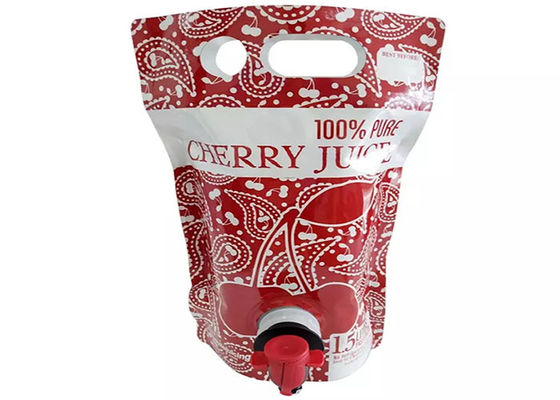 बटरफ्लाई टैप / स्पिगोट के साथ बड़ी क्षमता वाला ताजा रस टोंटी थैली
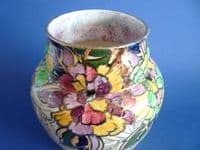 Grimwades Royal Winton 'Carnation' Lustre Roma Vase c1935 (Sold)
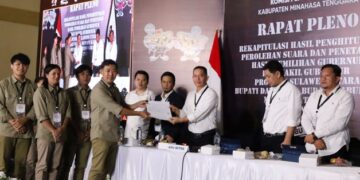 KPU Minahasa Tenggara Tuntaskan Pleno Rekapitulasi Penghitungan Suara Pilkada Serentak 2024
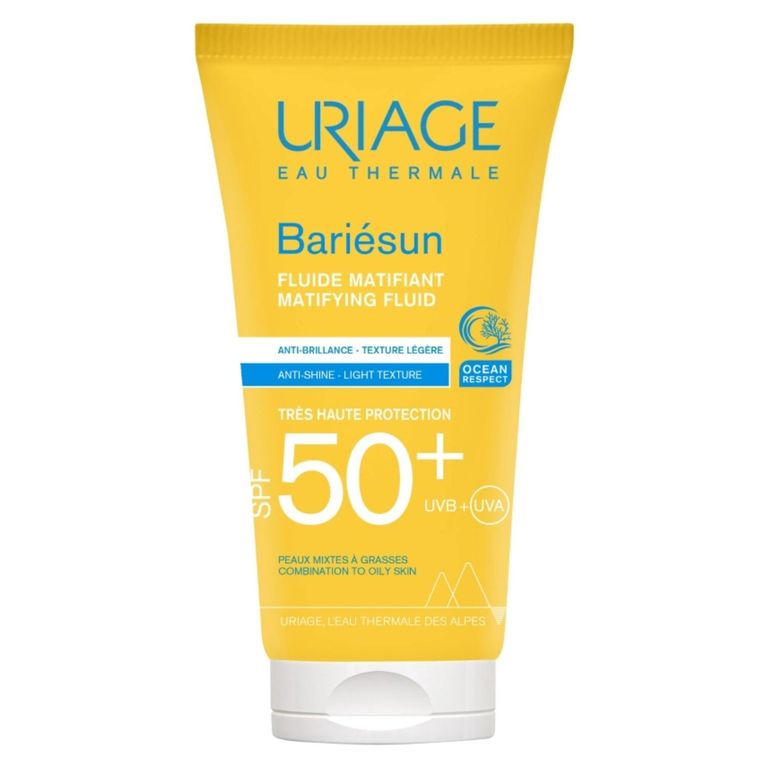 Protector Solar Facial Bariésun Fluido Matificante FPS 50+ 50 ml de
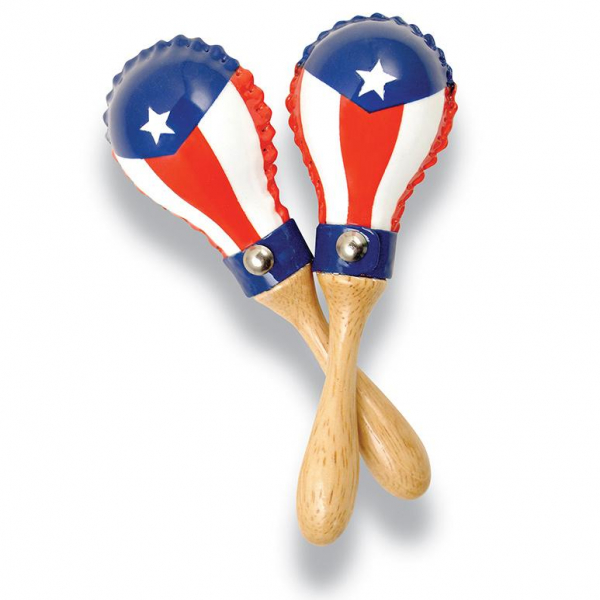 Maracas Latin Percussion LP285-PR Mini Rawhide Puerto Rican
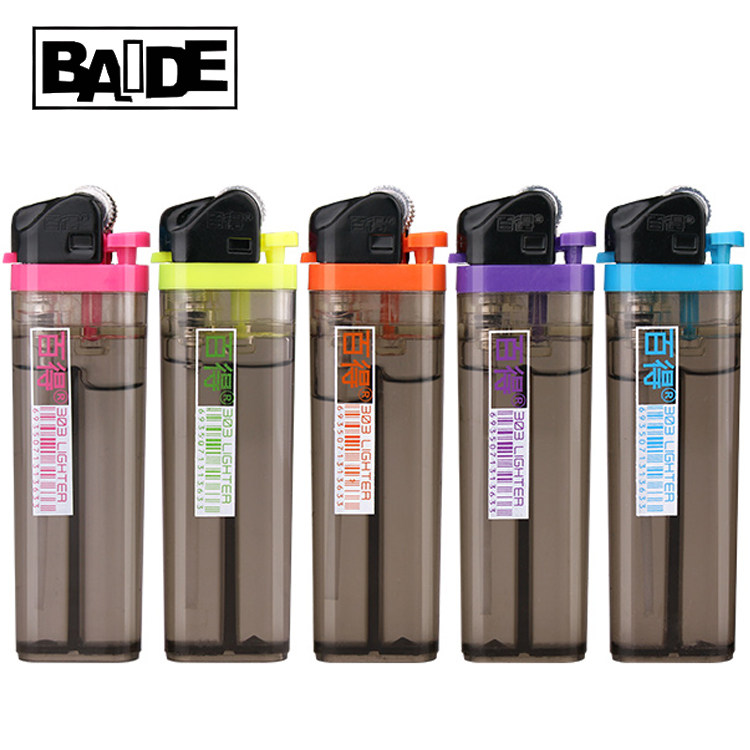 BAIDE百得正品火石滑轮一次性明火砂轮广告打火机定制订做印字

**TASK OBJECTIVE**
The records must be copied with no word altered, and without their pictures.

**EXERCISE OUTPUT**
 बटरफ्लाई टैप / स्पिगोट के साथ बड़ी क्षमता वाला ताजा रस टोंटी थैली
 Grimwades Royal Winton 'Carnation' Lustre Roma Vase c1935 (Sold)
 KPU Minahasa Tenggara Tuntaskan Pleno Rekapitulasi Penghitungan Suara Pilkada Serentak 2024
 Protector Solar Facial Bariésun Fluido Matificante FPS 50+ 50 ml de
 Maracas Latin Percussion LP285-PR Mini Rawhide Puerto Rican
 BAIDE百得正品火石滑轮一次性明火砂轮广告打火机定制订做印字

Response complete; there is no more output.